Pohukiwania Białej Sowy [Czuję się odpowiedzialny]

Żyjąc już dość długo na tym najlepszym ze światów zajmowałem się różnymi dziedzinami działalności.

Najpierw zmuszono mnie do opanowania dorobku wielu pokoleń żyjących wcześniej. Działo się to w szkole podstawowej, liceum i na studiach podstawowych i podyplomowych.

Potem to ja przekazywałem ten dorobek różnych dyscyplin naukowych w sposób bardziej lub mniej udany rzeszom uczniów. Najczęściej były to próby ukazania dorobku fizyki od czasów Archimedesa i Pascala, po osiągnięcia rodzimego Instytutu Badań Jądrowych w Świerku.

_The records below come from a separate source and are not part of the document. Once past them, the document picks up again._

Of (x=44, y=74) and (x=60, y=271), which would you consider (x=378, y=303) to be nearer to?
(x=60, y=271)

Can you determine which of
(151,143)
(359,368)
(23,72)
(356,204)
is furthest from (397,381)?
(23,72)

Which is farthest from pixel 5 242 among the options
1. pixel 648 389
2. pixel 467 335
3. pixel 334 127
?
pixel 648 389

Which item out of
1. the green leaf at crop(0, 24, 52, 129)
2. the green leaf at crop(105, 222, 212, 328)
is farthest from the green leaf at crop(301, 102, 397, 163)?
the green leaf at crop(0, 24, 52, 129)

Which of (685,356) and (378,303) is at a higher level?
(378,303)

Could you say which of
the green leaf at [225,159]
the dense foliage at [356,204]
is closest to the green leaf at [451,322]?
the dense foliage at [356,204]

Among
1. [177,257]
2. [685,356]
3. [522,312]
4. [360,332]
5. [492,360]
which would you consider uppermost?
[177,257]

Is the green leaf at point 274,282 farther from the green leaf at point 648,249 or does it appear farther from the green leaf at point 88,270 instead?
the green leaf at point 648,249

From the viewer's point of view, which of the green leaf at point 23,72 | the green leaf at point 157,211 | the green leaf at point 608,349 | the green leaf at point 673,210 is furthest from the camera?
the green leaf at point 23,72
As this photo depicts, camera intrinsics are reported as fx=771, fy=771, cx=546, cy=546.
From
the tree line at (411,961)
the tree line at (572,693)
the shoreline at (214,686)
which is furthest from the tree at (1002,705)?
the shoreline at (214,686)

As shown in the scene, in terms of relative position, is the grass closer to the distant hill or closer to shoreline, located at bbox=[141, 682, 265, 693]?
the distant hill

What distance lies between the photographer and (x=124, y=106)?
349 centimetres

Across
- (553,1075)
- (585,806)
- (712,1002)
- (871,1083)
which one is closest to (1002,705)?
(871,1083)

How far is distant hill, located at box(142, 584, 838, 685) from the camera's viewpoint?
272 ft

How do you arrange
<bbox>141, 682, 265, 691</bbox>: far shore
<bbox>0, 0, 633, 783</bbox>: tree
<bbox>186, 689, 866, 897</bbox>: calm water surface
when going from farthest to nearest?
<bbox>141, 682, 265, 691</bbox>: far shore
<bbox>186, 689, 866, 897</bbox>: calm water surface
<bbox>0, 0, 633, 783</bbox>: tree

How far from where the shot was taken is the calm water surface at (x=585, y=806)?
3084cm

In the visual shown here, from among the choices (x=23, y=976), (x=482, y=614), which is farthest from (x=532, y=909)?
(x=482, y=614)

Poza fizyką uczyłem chyba wszystkiego na poziomie szkoły podstawowej, a licealistom w otwockim EKONOMIKU próbowałem ukazać Podstawy Wychowania Rodzinnego (był taki przedmiot !!!), przysposabiać do życia w rodzinie, a także nauczyć zasad organizowania się społeczeństw i funkcjonowania w ustroju demokratycznym.

Po pewnym czasie, chyba zbyt póżno, zorientowałem się, że niewiele z tego wszystkiego zostaje w głowach uczniów i wtedy postawiłem na wychowanie przez turystykę i krajoznawstwo. Po latach przekonałem się, że skutek był nadzwyczajny. Spotykam często moich wychowanków w różnych miejscach kraju, którzy połknąwszy bakcyla turystyki, znależli swój sposób na życie.

Od kilku lat prowadzę wycieczki jako licencjonowany przewodnik Polskiego Towarzystwa Turystyczno – Krajoznawczego. Bardzo lubię ukazywać początki naszej wiary i państwowości na Szlaku Piastowskim, piękno Tatr i Pienin (ale nie Krupówek!!!), zabytki i Historię w Krakowie, osobliwości Wieliczki, Jędrzejowa, Sandomierza, szydłowa i Szydłowca.

Pokazuję liczne synagogi, meczety i cerkwie na białostocczyżnie ukazując Rzeczpospolitą jako kraj współistnienia rozmaitych religii i kultur.

Pochodzę z Gór Świętokrzyskich i chyba nie musze mówić, że to jest moja najbardziej umiłowana kraina. Nie tylko moja. Żeromskiego i „Ponurego”, „Nurta” i Michniowian, księcia Jaremy i mnichów z Wąchocka, Sienkiewicza i braci Fodygów.

Kilka dni temu wróciłem ze wspaniałej wycieczki szlakiem Wrześniowych Virtuti Militari. Pokłoniliśmy się bohaterskim obrońcom Mławy, milczeliśmy nad grobami Westerplatczyków, przeszliśmy pokładami „Błyskawicy”, oddaliśmy hołd Obrońcom Poczty Polskiej w Gdańsku. Oczywiście był koncert w Oliwie, były spacery na molach Pucka, Sopotu i Brzeżna, były gofry, lody i Mc Donald’s. Od tłumów i zgiełku Długiego Targu uciekliśmy spod fontanny Neptuna w niezwykle gościnne progi Stoczni Gdańskiej, legendy i kolebki „SOLIDARNOŚCI”, w cień Pomnika Poległych Stoczniowców I cóż? Ano nic. Byliśmy od dłuższego czasu jedyną tam wycieczką. Chciałoby się w tym miejscu zakończyć i powiedzieć: BEZ KOMENTARZY. Mieliśmy tam być 15 minut. Musieliśmy zarządzić koniec zwiedzania, kiedy po godzinie młodzi gimnazjaliści, rocznik 1986 zapomnieli o pędzącym czasie.

Dlaczego to piszę? Bo czuję się, jako harcmistrz, nauczyciel i przewodnik odpowiedzialny za przekazywaną wiedzę i sposób rozumowania młodych ludzi. Muszę odkłamywać prawdę nie tylko o Polskim Sierpniu, zbrodniach na narodzie polskim, stanie wojennym itp. Najlepiej poznaje się prawdę u jej materialnych żródeł. A co sądzisz Czytelniku o problemie: Harcerz a polityka? To będzie temat następnych POHUKIWAŃ.